TRY IT:
Leave out the pictures, and retype only the lines from the beginning of the material through the line that contains "COMLION Autumn Winter", including both.

SUPPLIED MATERIAL:
- - - -
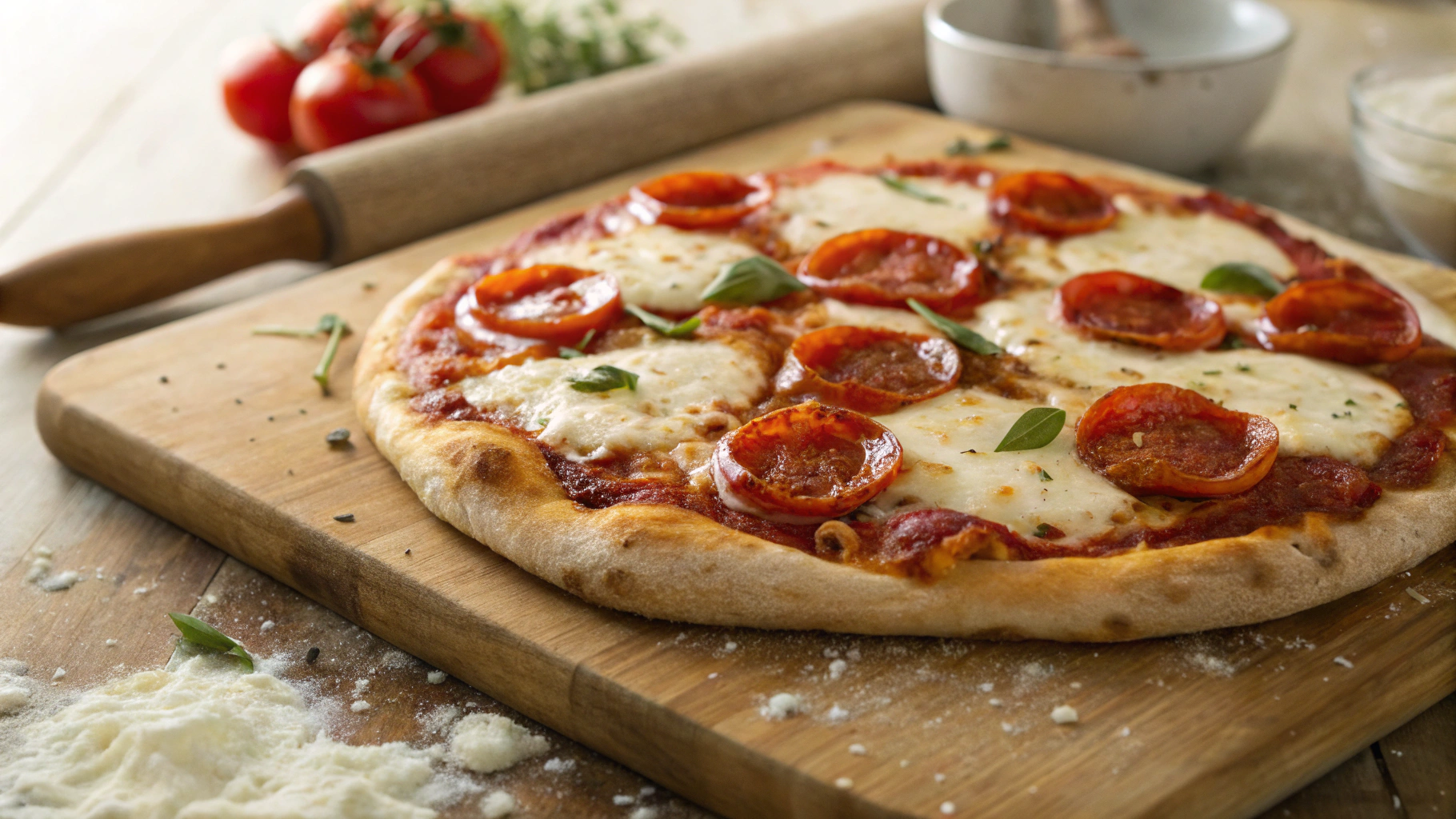 Keto Homemade Pepperoni Pizza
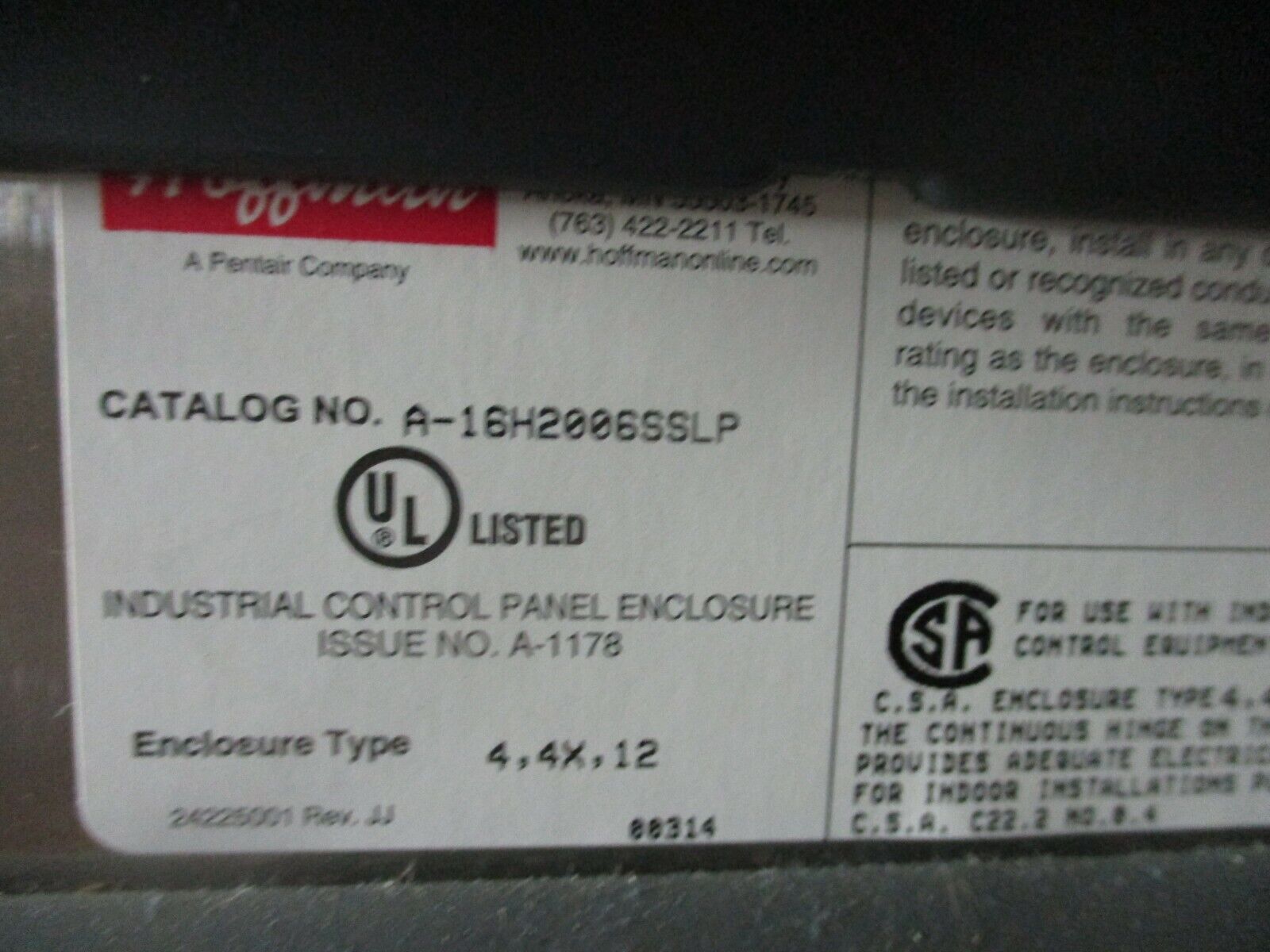 Hoffman Type 4, 4X, 12 Stainless Steel Enclosure A-16H2006SSLP Size: 16x20x6"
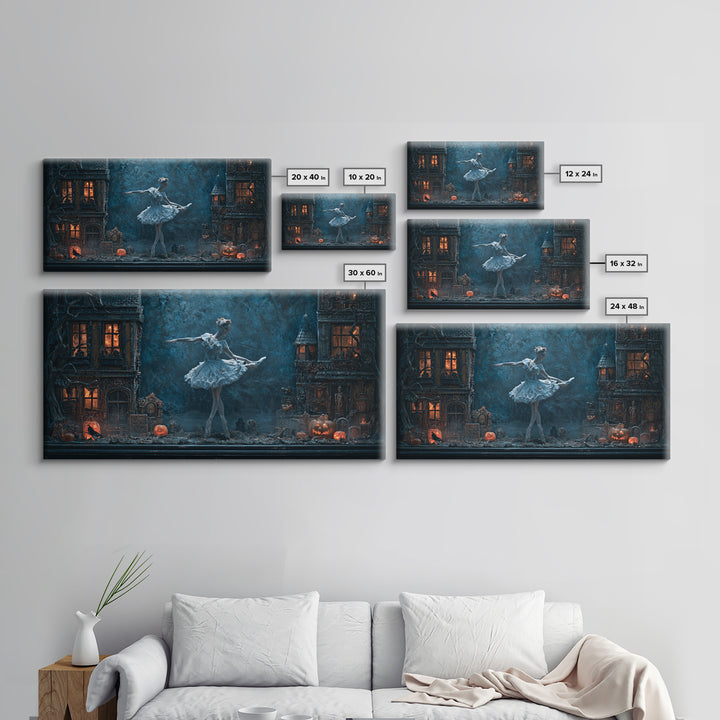 The Haunted Music Box, Wide Panoramic Art, Haunted Gothic Art, Framed Canvas Print, Halloween Wall Decor, Gothic Home Decor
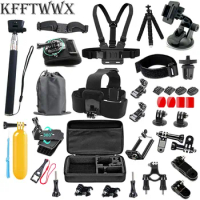 KFFTWWX Accessories Kit for GoPro Hero 10 9 8 Max 7 6 5 4 3 3+ 2 1 Black Go Pro Session Fusion Silver White Insta360 DJI AKASO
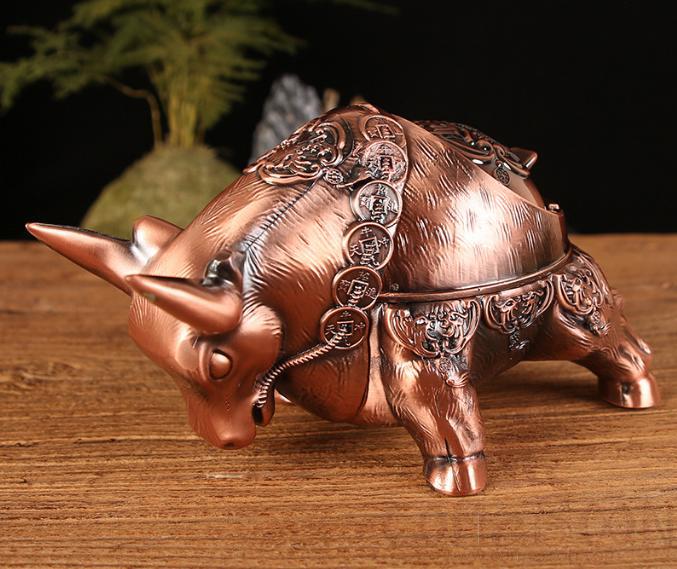 Low Head Beckoning Cow Ashtray, Zinc Alloy, Red Antique, L20*W9*H13cm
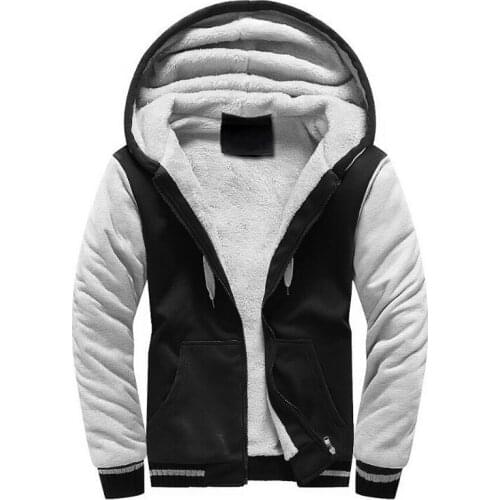 COMLION Autumn Winter Men Thick Oversized Hoodies Patchwork Jacket Male Sweatshirts Warm Coats Casual Streetwear Solid Hoody 15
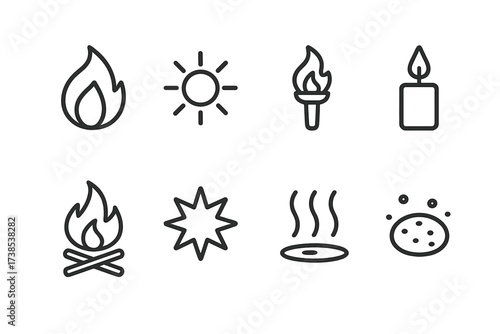 Fire and Sun Icons. Outline icon set of fire energy and power: flame icon, burning sun, torch, candle, bonfire, explosive burst, heat symbol, glowing ember.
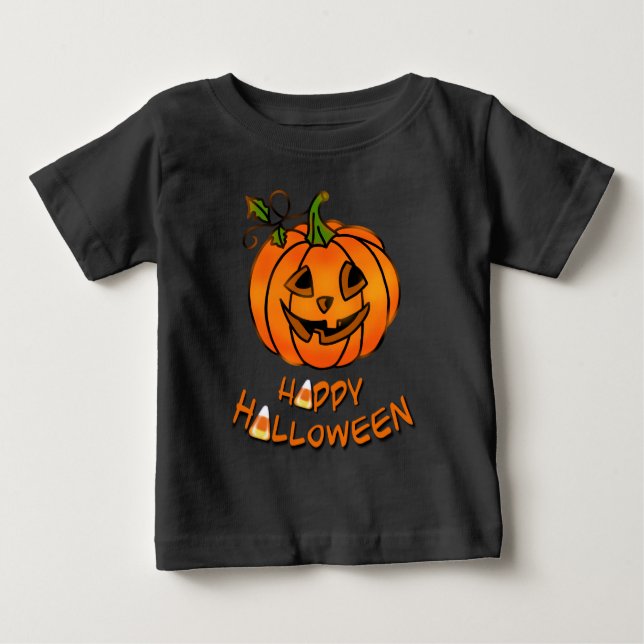 T-shirt Pour Bébé Joyeux Halloween | CITROUILLE | maïs-bonbons (Devant)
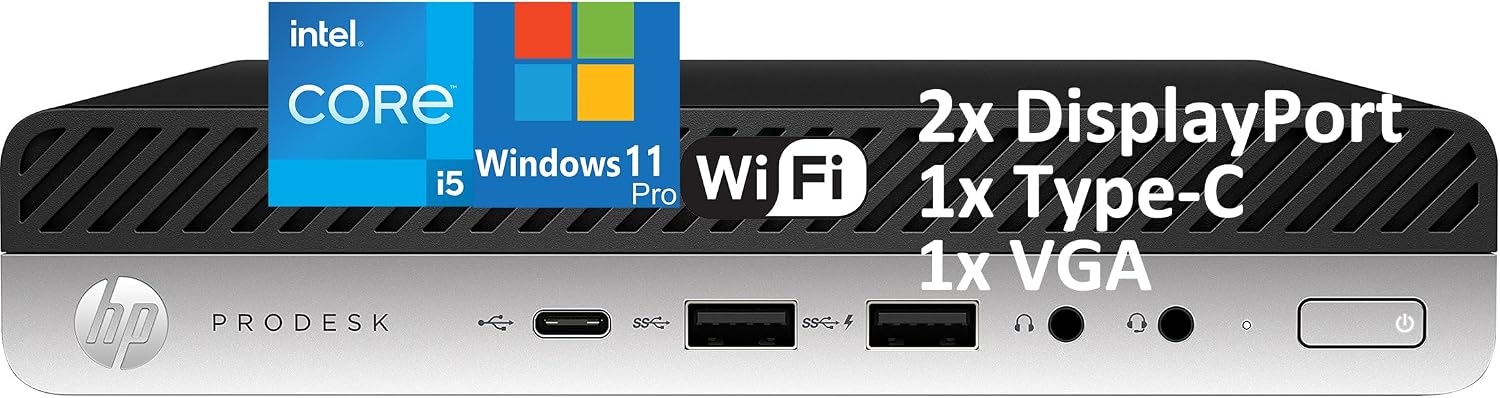 ProDesk 600 G4 Mini Desktop PC, Intel 6-Core i5-8500T, 16GB DDR4 RAM, 512GB PCIe SSD, WiFi, Bluetooth, Dual DisplayPort, VGA, USB-C, Windows 11 Pro - Business Office Mini Computer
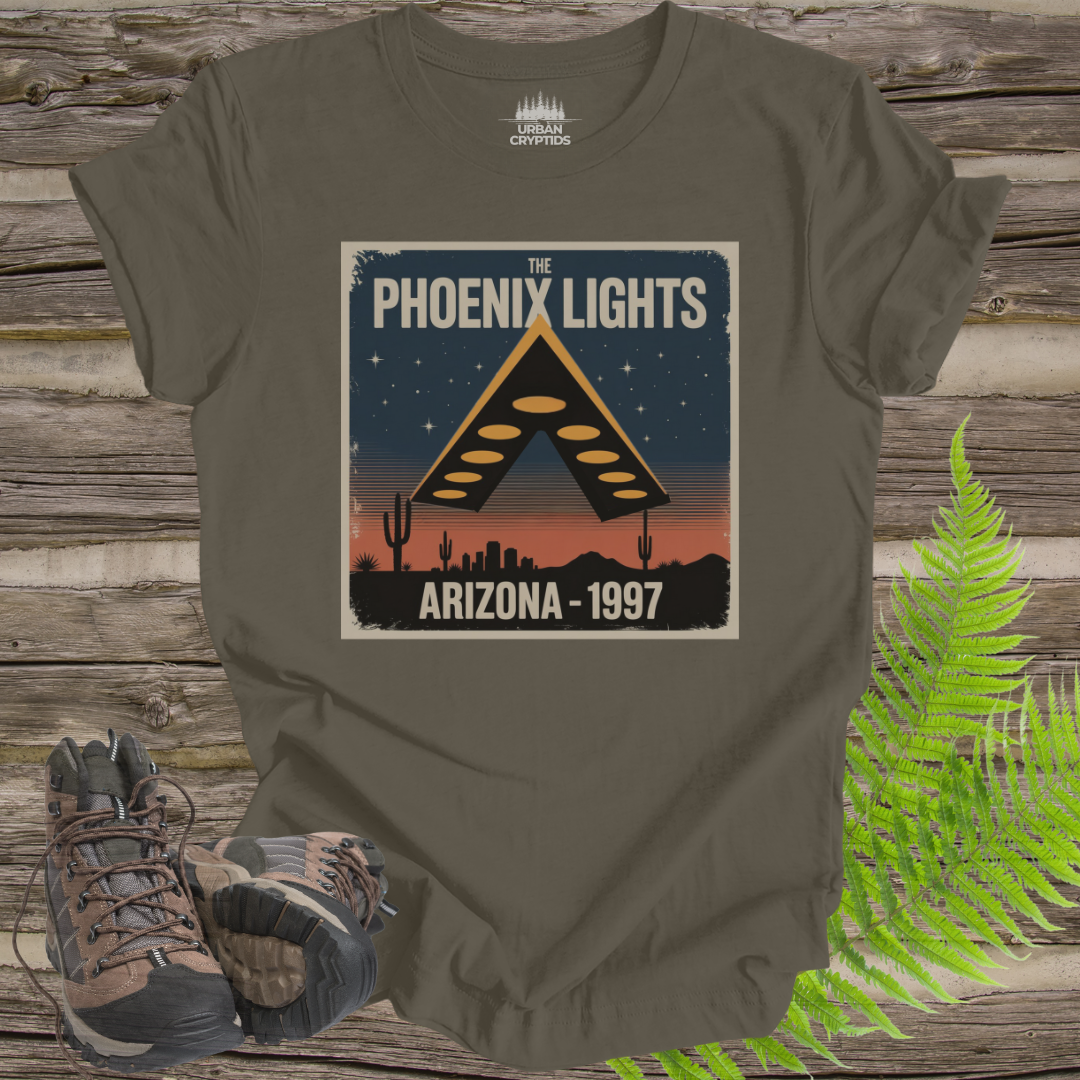 Phoenix Lights 1997 UFO T-Shirt – Arizona Alien & Cryptid Sighting Tee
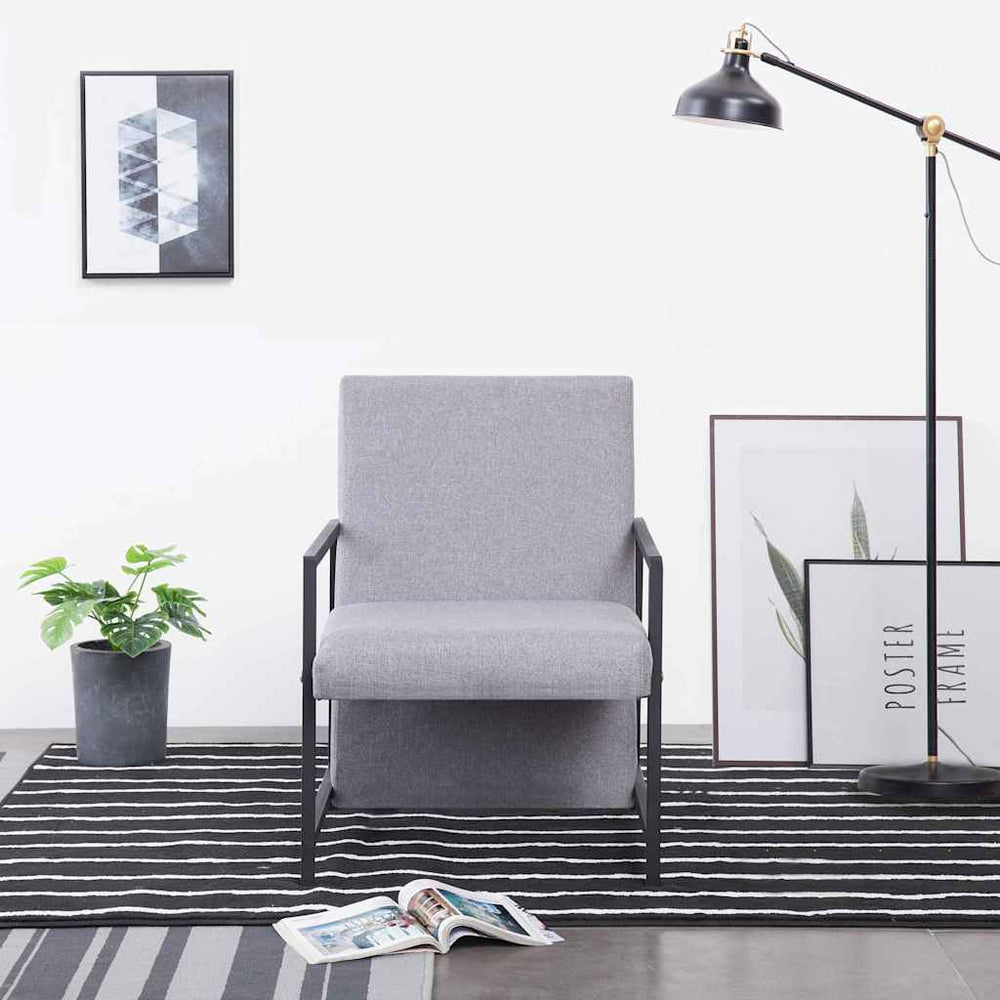 vidaXL Armchair Light Grey Fabric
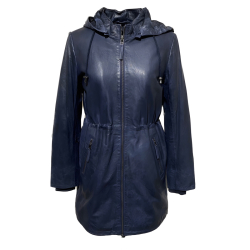 Sienne dame overgangsjakke i blød blå lammeskind - Freja skind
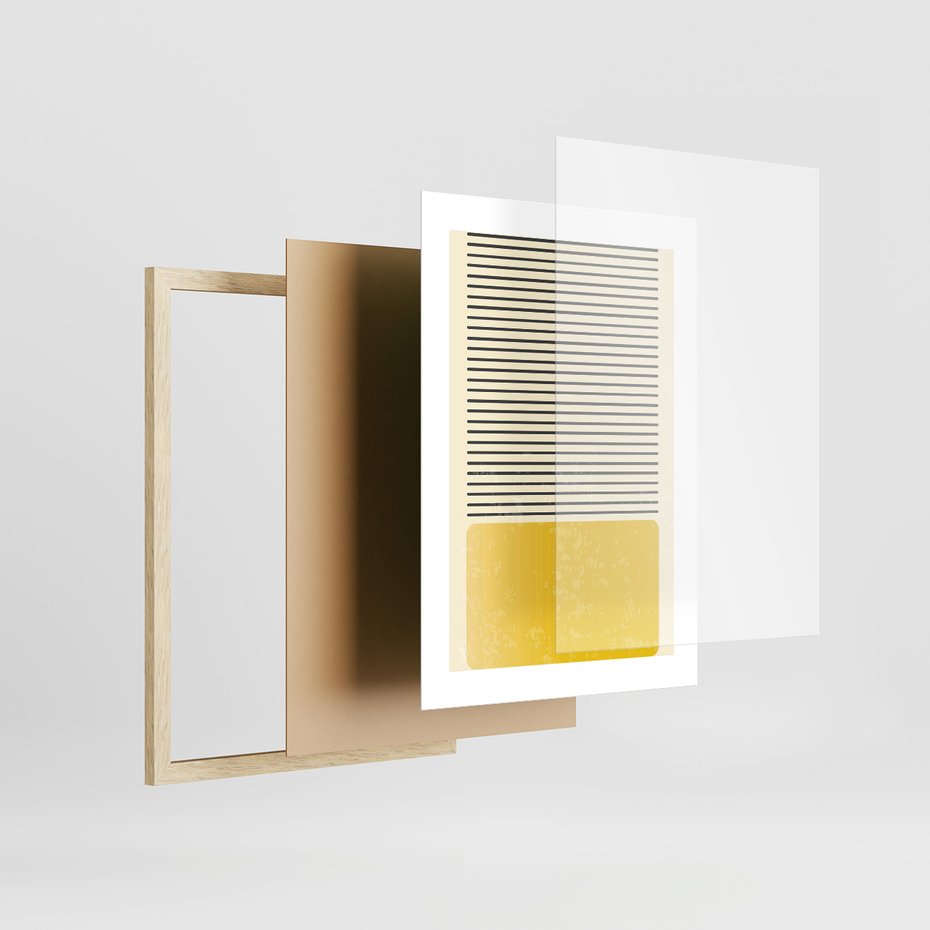 Zestaw obrazy w ramie, plakaty - linie, geometryczny, abstrakcja - rama drewno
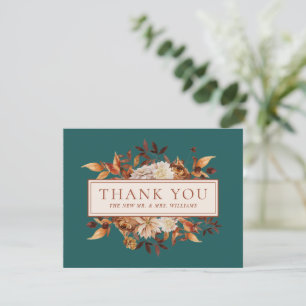 Teal Fall Terracotta Leaves Flowers Thank You Card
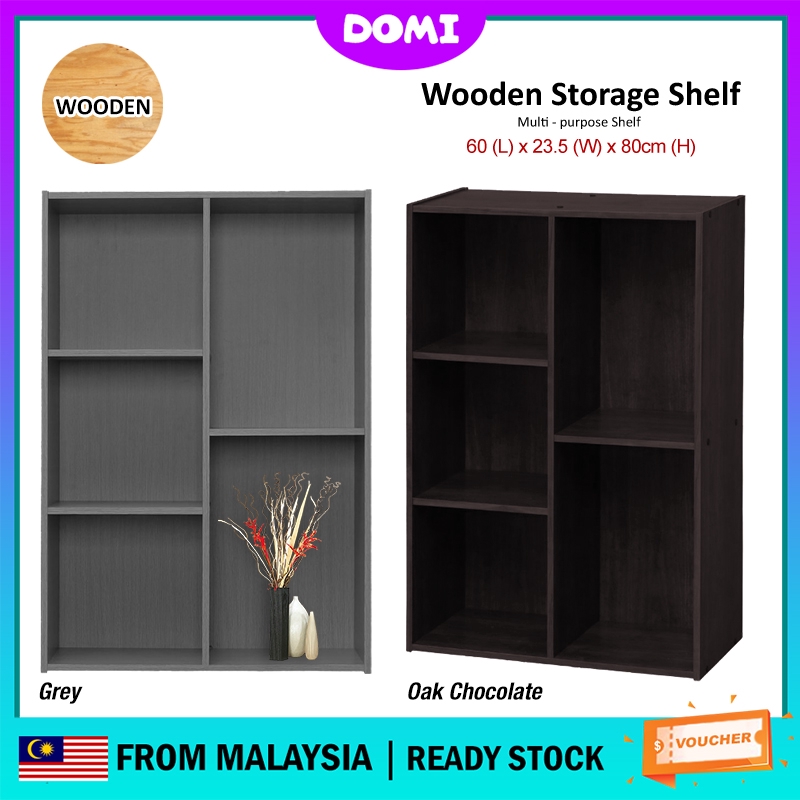 Domi 5 Slot Diy Multi Purpose Wooden Solid Board Storage Box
- - - -
TASK RESPONSE:
 Keto Homemade Pepperoni Pizza
 Hoffman Type 4, 4X, 12 Stainless Steel Enclosure A-16H2006SSLP Size: 16x20x6"
 The Haunted Music Box, Wide Panoramic Art, Haunted Gothic Art, Framed Canvas Print, Halloween Wall Decor, Gothic Home Decor
 KFFTWWX Accessories Kit for GoPro Hero 10 9 8 Max 7 6 5 4 3 3+ 2 1 Black Go Pro Session Fusion Silver White Insta360 DJI AKASO
 Low Head Beckoning Cow Ashtray, Zinc Alloy, Red Antique, L20*W9*H13cm
 COMLION Autumn Winter Men Thick Oversized Hoodies Patchwork Jacket Male Sweatshirts Warm Coats Casual Streetwear Solid Hoody 15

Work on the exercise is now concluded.